Skoda Octavia vRS Combi
First among affordable cars to feature a turbocharged petrol engine, the Skoda Octavia vRS is still valued highly, and the Combi more so. But sadly only among the enthusiasts. The Combi stayed in the market for about three years, but it obviously had more life than that. It was an estate that could beat sedans from a segment (or two) above in both straight-line pace and cornering. And unbelievable it may sound, a well-kept Combi can still manage all that.
The lack of diesel engines hit Honda’s bestsellers badly, given that the competition offered both petrol and diesel engine powertrain options. The Civic, like other Hondas, wasn’t. On the bright side, it came with a 1.8-liter i-VTEC petrol engine which had enough pace for both everyday and enthusiastic driving. The low-set driving position and the availability of aftermarket performance upgrades has ensured it’s still a favourite. Sadly, Honda thought it wasn’t viable to continue selling what was one of the finest products sold by Honda in India.
Maruti Suzuki Kizashi
Maruti Suzuki’s image of selling frugal, inexpensive cars led the Kizashi to be a market disaster. Brought to India as a CBU (Completely Built-up Unit), the Kizashi was one of the most expensive cars sold by MSIL. On sale for about two years, the Kizashi was powered by a 2.4-liter petrol engine that made upwards of 175 hp. It was mighty powerful, considering the manual version managed to hit the 100 kmph mark in just 8 seconds. That obviously made the Kizashi super-cool but the price tag (starting price was about Rs 16 lakh) ensured that it didn’t find too many takers. And as a consequence it left the market — basically MSIL stopped importing it.
While Hyundai enjoys great success with the Creta compact SUV, its SUVs weren’t always as successful. Before the Santa Fe, there was the Terracan sitting atop the company’s SUV line-up. Its stint in the Indian market lasted only for about three years, but even in that short time, it managed to stand out. The solid reason behind that was the 2.9-liter diesel engine that made about 160 hp and 345 Nm. A five-speed gearbox came standard and power was sent to all four wheels. It was priced at around Rs 20 lakh, so, as you must have guessed by now, the demand was quite limited. That resulted in the vehicle’s early departure.

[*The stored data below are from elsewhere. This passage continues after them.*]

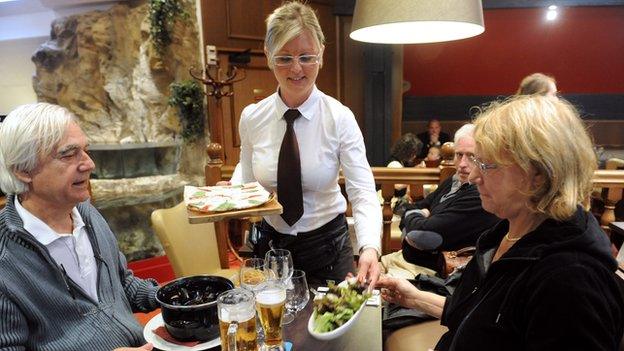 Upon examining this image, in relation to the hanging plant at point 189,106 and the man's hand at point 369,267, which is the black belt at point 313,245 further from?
the hanging plant at point 189,106

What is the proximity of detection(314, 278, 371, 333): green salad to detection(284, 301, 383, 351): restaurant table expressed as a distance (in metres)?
0.04

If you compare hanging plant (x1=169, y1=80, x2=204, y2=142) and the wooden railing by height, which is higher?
hanging plant (x1=169, y1=80, x2=204, y2=142)

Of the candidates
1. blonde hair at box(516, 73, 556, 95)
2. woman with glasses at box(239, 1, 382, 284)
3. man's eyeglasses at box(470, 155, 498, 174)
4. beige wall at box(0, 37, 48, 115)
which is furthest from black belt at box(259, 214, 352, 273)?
beige wall at box(0, 37, 48, 115)

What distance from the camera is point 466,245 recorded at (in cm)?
224

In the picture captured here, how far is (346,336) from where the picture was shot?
1.24 meters

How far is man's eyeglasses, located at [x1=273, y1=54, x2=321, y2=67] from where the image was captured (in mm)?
1519

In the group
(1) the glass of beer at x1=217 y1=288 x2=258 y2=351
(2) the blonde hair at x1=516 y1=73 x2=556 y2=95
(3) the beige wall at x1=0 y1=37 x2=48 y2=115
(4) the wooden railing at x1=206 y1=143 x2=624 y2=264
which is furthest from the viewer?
(3) the beige wall at x1=0 y1=37 x2=48 y2=115

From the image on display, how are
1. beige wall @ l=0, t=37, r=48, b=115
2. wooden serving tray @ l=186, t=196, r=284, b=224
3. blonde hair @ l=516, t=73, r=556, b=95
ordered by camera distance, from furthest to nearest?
beige wall @ l=0, t=37, r=48, b=115 < blonde hair @ l=516, t=73, r=556, b=95 < wooden serving tray @ l=186, t=196, r=284, b=224

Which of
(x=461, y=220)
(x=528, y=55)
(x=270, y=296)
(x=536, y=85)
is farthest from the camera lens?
(x=528, y=55)

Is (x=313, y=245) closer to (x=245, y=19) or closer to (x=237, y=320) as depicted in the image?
(x=237, y=320)

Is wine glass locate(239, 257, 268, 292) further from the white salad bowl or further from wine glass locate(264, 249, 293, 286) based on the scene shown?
the white salad bowl

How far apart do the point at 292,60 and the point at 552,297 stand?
1.06 meters

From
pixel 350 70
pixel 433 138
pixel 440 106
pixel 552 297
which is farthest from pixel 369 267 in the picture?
pixel 440 106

Brought to India via Premier Automobiles Limited — the same guys who got us the Fiat 1100D — the Peugeot 309 had the potential to be a market success in the country. Sadly the PAL management couldn’t make the most of the opportunity, hence making both Peugeot brand and the 309 a failure here. The engine options included a 70 hp 1.4-liter petrol and a 57 hp 1.5-liter diesel unit. It was ahead of the competition and was very different — in a good way — to whatever was sold in the country then.